A retrospective review of patients who were treated with endovascular therapy for CMI between July 2005 and November 2011 at a single institution was performed.
Inclusion criteria were clinical and radiological findings consistent with CMI who underwent endovascular therapy (Fig. 2).
Exclusion criteria were: incidental mesenteric artery stenosis without symptoms,
prior open surgical revascularization of a mesenteric artery for CMI and acute mesenteric ischemia.
Patients Diagnosis:
We obtained a non-invasive imaging in patients who had clinical symptoms of CMI (postprandial pain,
generally epigastric or periumbilical,
fear of eating and history of vascular disease) to confirm the suspicious, using 64 or 16 multidetector computed tomography (MDCT) obtained on arterial phase with the purpose of evaluate the presence of collateral vessels (Fig. 3), the shape and appearance of the atheroma plaques (calcified,
hypodense or heterogeneous) (Fig. 4),
the stenosis degree,
and other causes of abdominal symptoms like abdominal neoplasic,
inflammatory and vascular disease (Fig. 5 and Fig. 6).
In case of stenosis or occlusion of two or more visceral trunks they were proposed to perform an angiography.
Angiographic technique:
Non selective abdominal angiography and selective visceral angiography was performed to confirm MDCT findings and to select the most appropriate therapeutic option (Fig. 7).
Selective catheterization of each mesenteric arteries was necessary to measure luminal narrowing and assess the downstream bed and collateral flow.
When one of the arteries was completely occluded,
catheterization of one or both of the other arteries was used to determine whether recanalization is feasible.
Techniques of PTA:
All 11 procedures were performed by axillary approach due to there is a slight advantage in cases of acute angulation at the mesenteric vessel arisen of the aorta.
A non selective catheter (pig-tail) was advanced through the sheath into the abdominal aorta,
and a diagnostic angiogram was performed in posterior-anterior and lateral projections.
Catheterization of the selected vessels to treat was made using a selective catheter (multipourpose,
cobra or shepherd-hook).
Intra-arterial heparin (50 UI/Kg) and nitroglycerine (100-200 µg) was injected as soon as selective catheterization had started,
to reduce the risk of thrombosis and vasospasm.
Indications of treatment:
Indications for stent placement were: calcified ostial or high-grade eccentric stenosis and chronic occlusions.
Two types of stents were used in endovascular treatment of CMI: auto-expandable stents and balloon-expandable stents,
the last one offers additional precise placements.
Placement with 1- to 2-mm protrusion into the aortic lumen is recommended (Fig. 8).
The goals of treatment were to ensure symptom resolution,
to correct nutritional status and to prevent intestinal infarction.

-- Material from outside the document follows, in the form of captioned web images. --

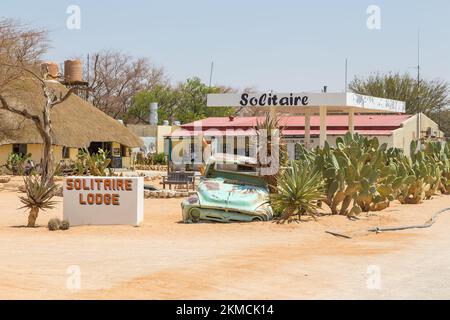 Solitaire, Namibie - 01 octobre 2018 : station de service à Solitaire dans le désert du Namib, parc national Namib-Naukluft. Petite colonie dans le Khomas R Banque D'Images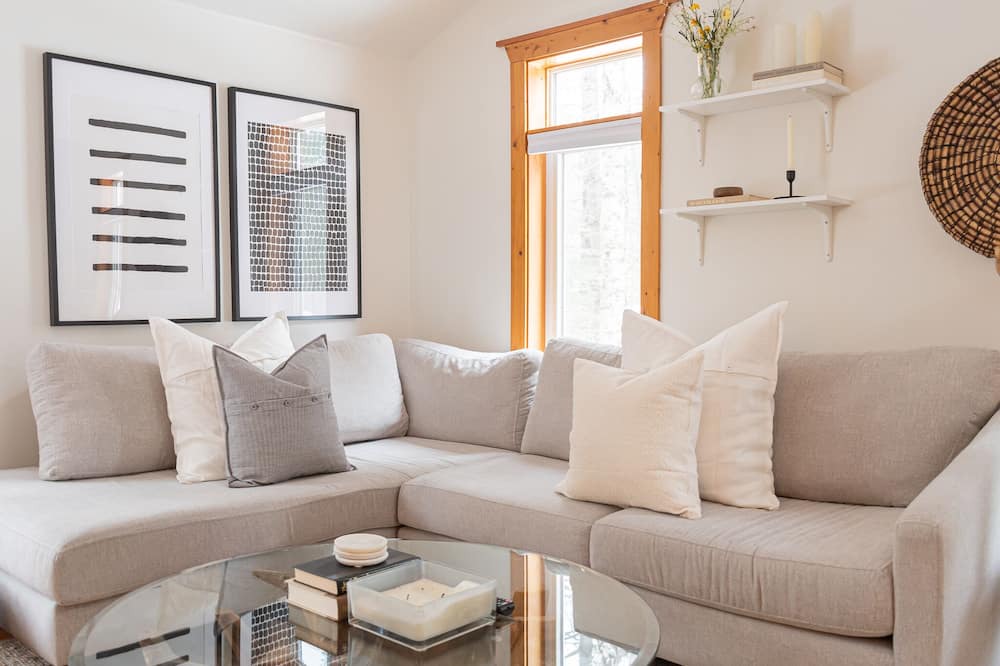 Photo of Livingroom in Utterson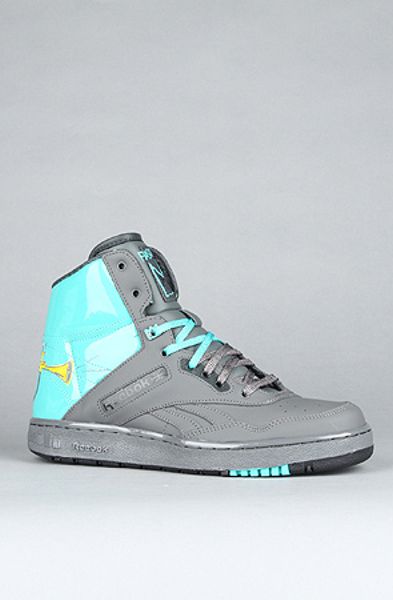 reebok grey sneakers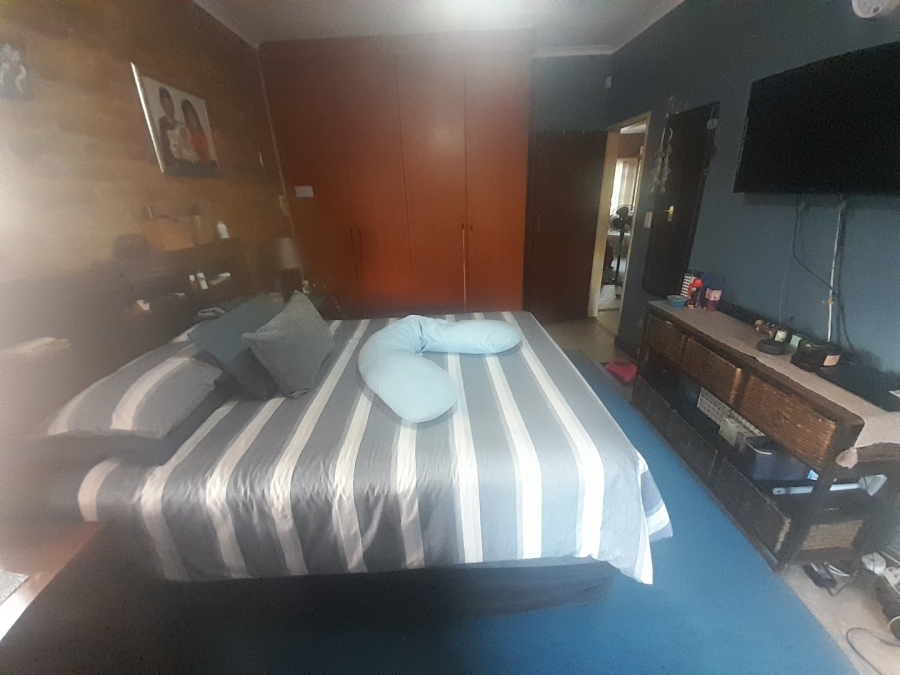 5 Bedroom Property for Sale in Lyttelton Manor Gauteng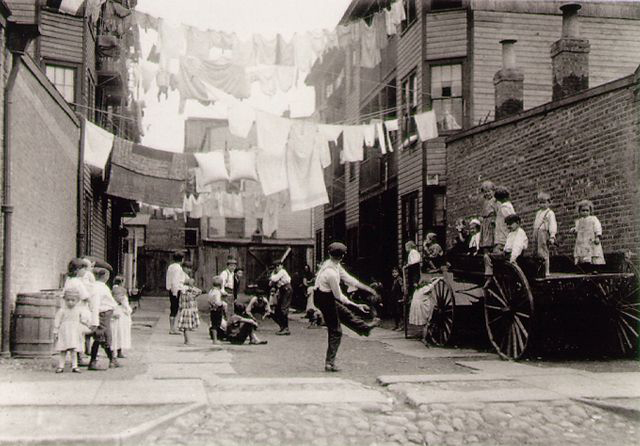 hine-1909-playground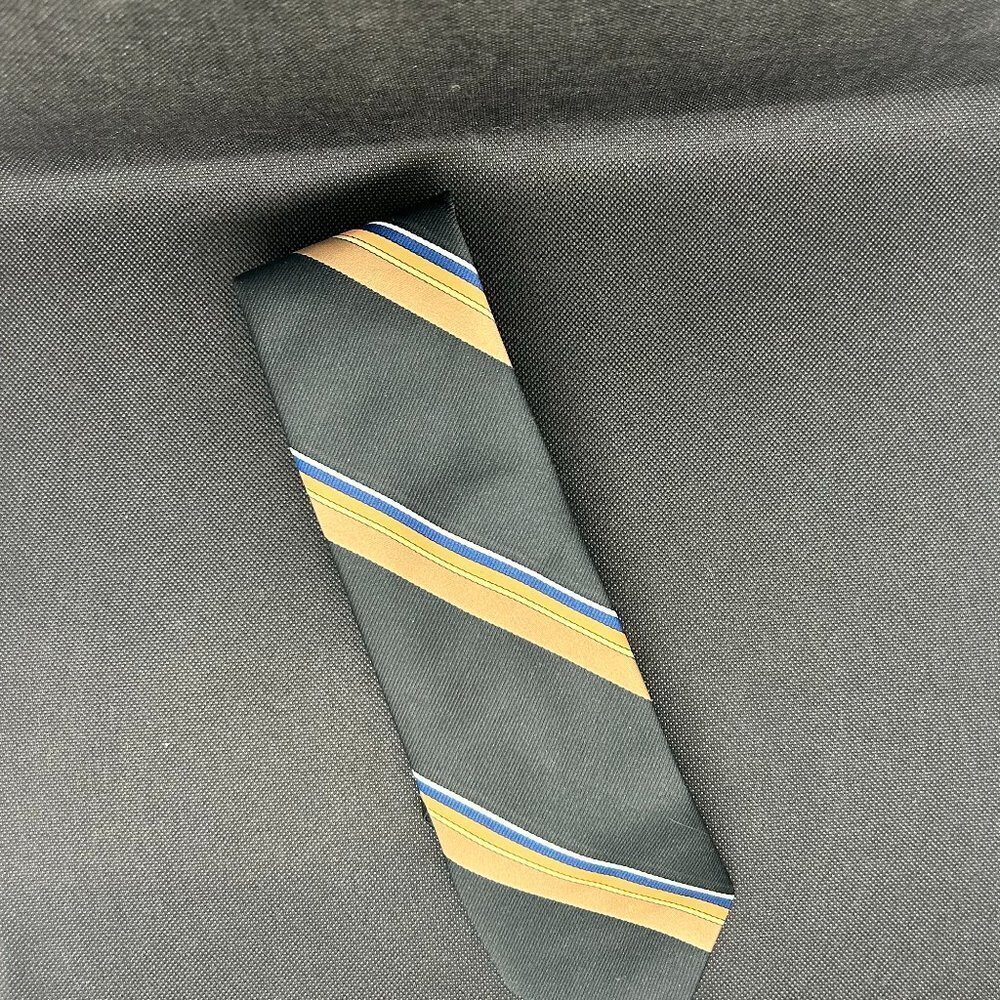 Vintage Marc de Paris men's polyester tie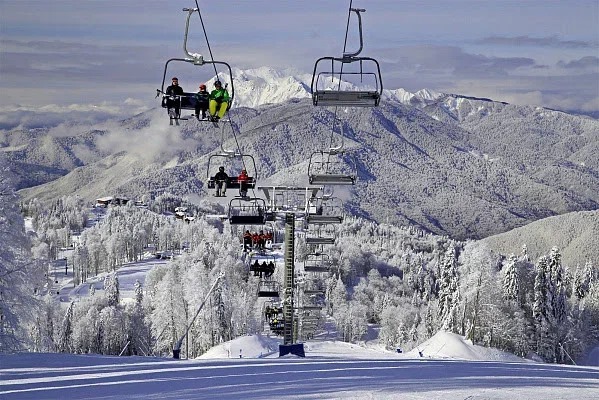 Каждый десятый турист в новогодние праздники отправится на горнолыжные курорты Сочи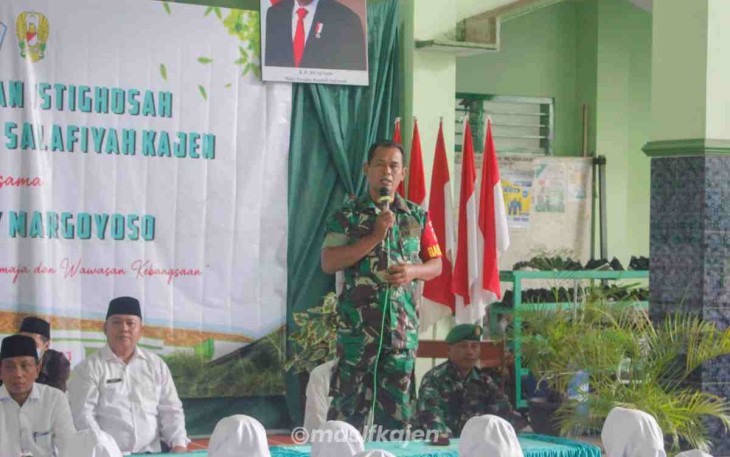 Peltu Syaiful saat nemberikan materi wasbang kepada siswa MA Salafiyah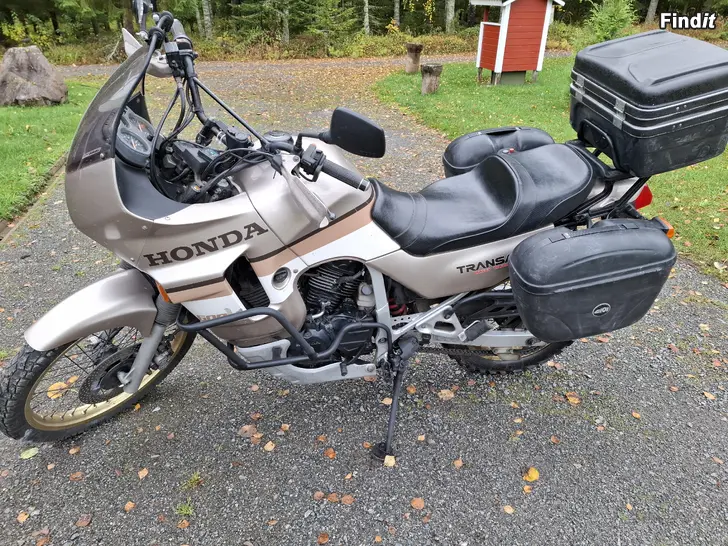 Myydään Honda XL 600V Transalp -90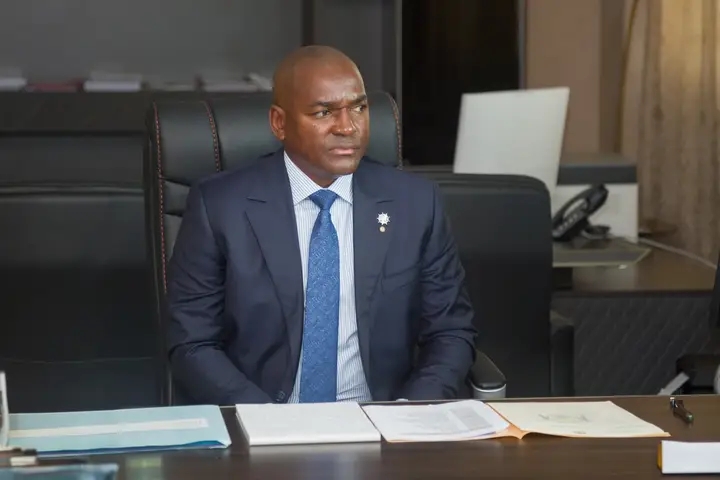 Gabon : Transports, Ulrich Manfoumbi-Manfoumbi trace les premières lignes de sa mission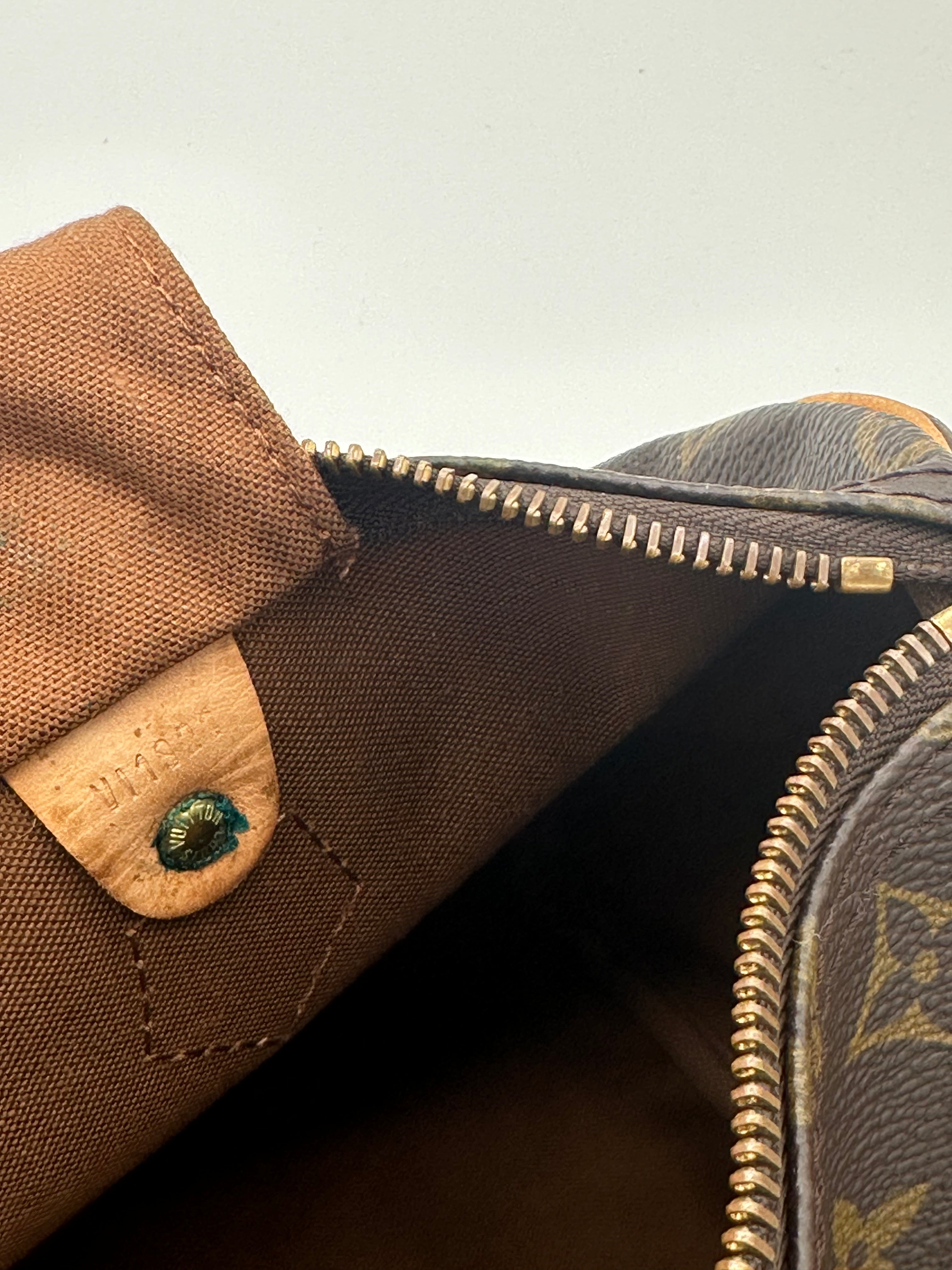 Louis Vuitton Speedy 30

The decision to perform open surgery versus angioplasty and/or stenting was based upon the patient's age,
comorbidities,
the number and severity of occluded vessels,
and the ease of vascular access to the stenosed vessels.
Follow-up:
Follow-up was performed by review of patient medical records and imaging reports.
Technical success was defined as the successful revascularization of all arteries that were treated in which there was less than 30% residual stenosis and clinical success was defined as complete resolution of symptoms; restenosis rates,
need for re-intervention,
and mortality rates was evaluated after the procedure to demonstrated high procedural success rates.
Patient's symptoms,
number of arteries and total treated occlusions,
access site and devices used,
procedural success,
complications,
and clinical and imaging follow-up were assessed.